Is there a way to increment part of a cell in Excel?

I have a situation where I have a form that shows 6 welds or so on a page, and a few boxes for inspection criteria. For the most part, the number I need to increment shows up about every other cell, but is interrupted by a "comments box" at the end of those 6 welds.

In the weld number box, there is always a line number prefix that stays the same for that form, while the weld number increments. i.e "RW-104-1, RW-104-2, RW-104-3", etc. What I basically need is a way of inputting "if the prefix = "RW-104-", then increment last digit".

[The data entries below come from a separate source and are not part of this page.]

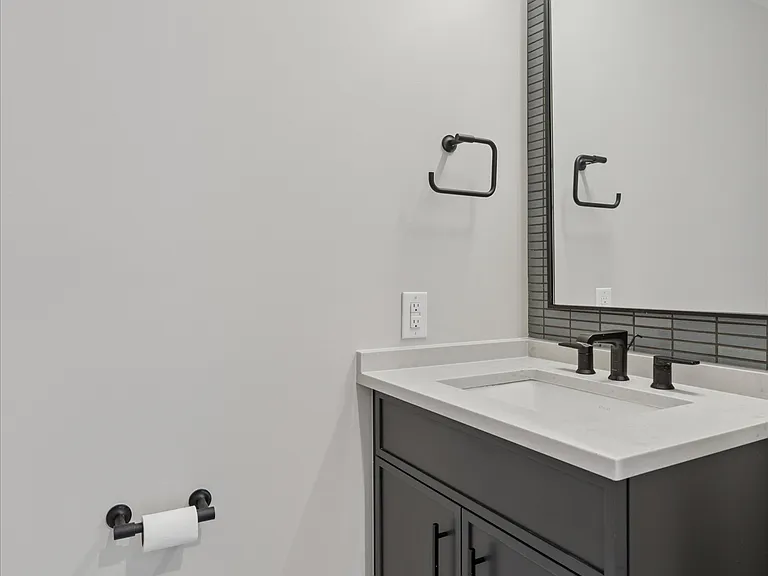 Guest 1/2 bathroom 1st floor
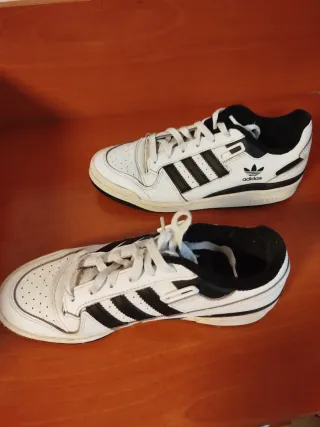 Zapatillas Adidas Blancas y Negras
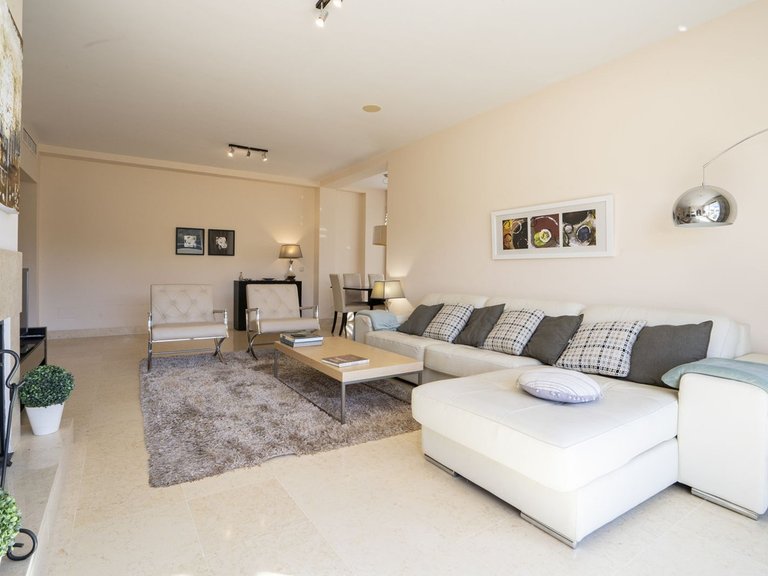 Apartment for Sale in Benahavís, Malaga 16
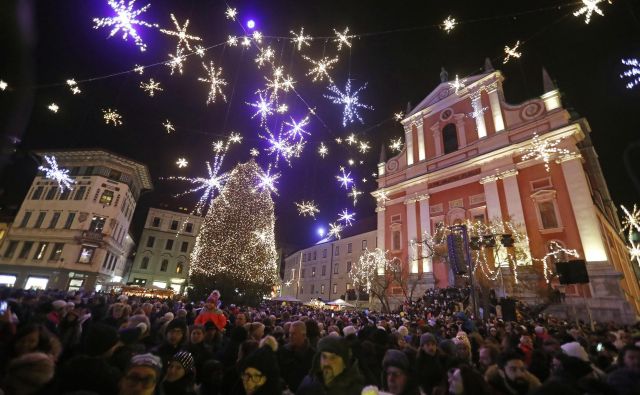 V Ljubljani prižgejo osvetljavo tradicionalno v petek pred prvim adventnim vikendom. FOTO: Leon Vidic/Delo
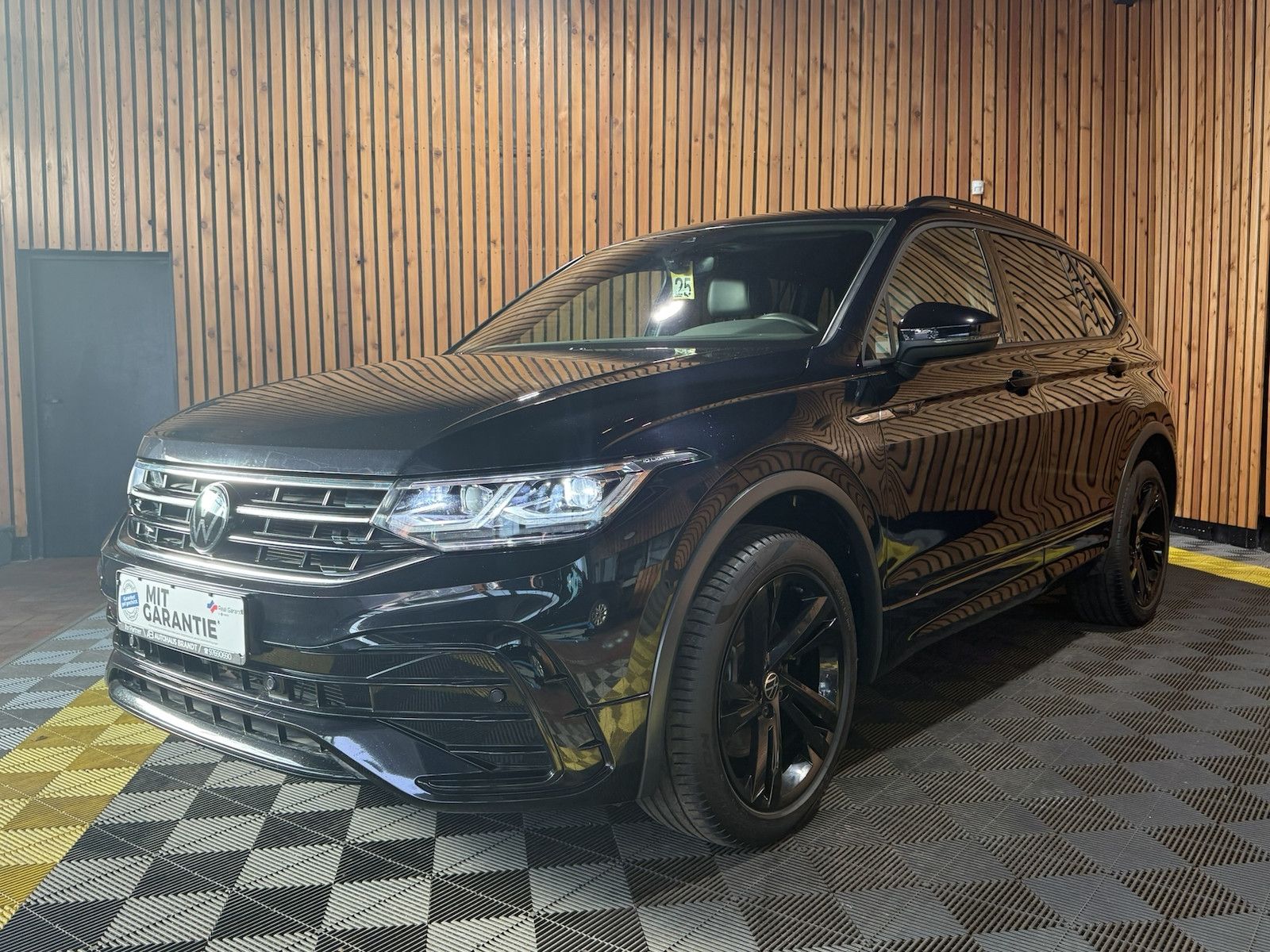 Fahrzeugabbildung Volkswagen Tiguan Allspace 2,0 TSI R Line Black 4M *Matrix*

Any way of pulling this one off?


----------



## Paul S (Jul 28, 2010)

I pull out the contatenate command: put the prefix in one column, then the number in the next column, then contatenate in the third column. There is probably a better way, but this works for me. Help will show you the proper syntax.


----------



## MA_PE (Jul 28, 2010)

that's what I do too.

enter "RW-104-" into cell A1 and copy down as many rows as you want.

enter a 1 into cell B1 and in B2 enter =B1+1 (or wahtever your increment is) and copy down as many rows as you need

enter "=A1&amp;B1" into Cell C1 and copy down as many rows as you need.

Column c should now display all the names you need.

Highlight column C and copy, then "paste special-&gt; values into the same range. this gets rid of the formula and make the cell contents fixed with your label.

I do it all the time. hope that helps.


----------



## Supe (Jul 29, 2010)

Thanks, I'll have to give it a shot. The changing cell spacing is the only part that concerns me. Skipping around sure is a PITA, because on this one, I have 1500 of them or so to number.


----------



## Guest (Sep 5, 2010)

I just caught this - very useful advice!

JR


----------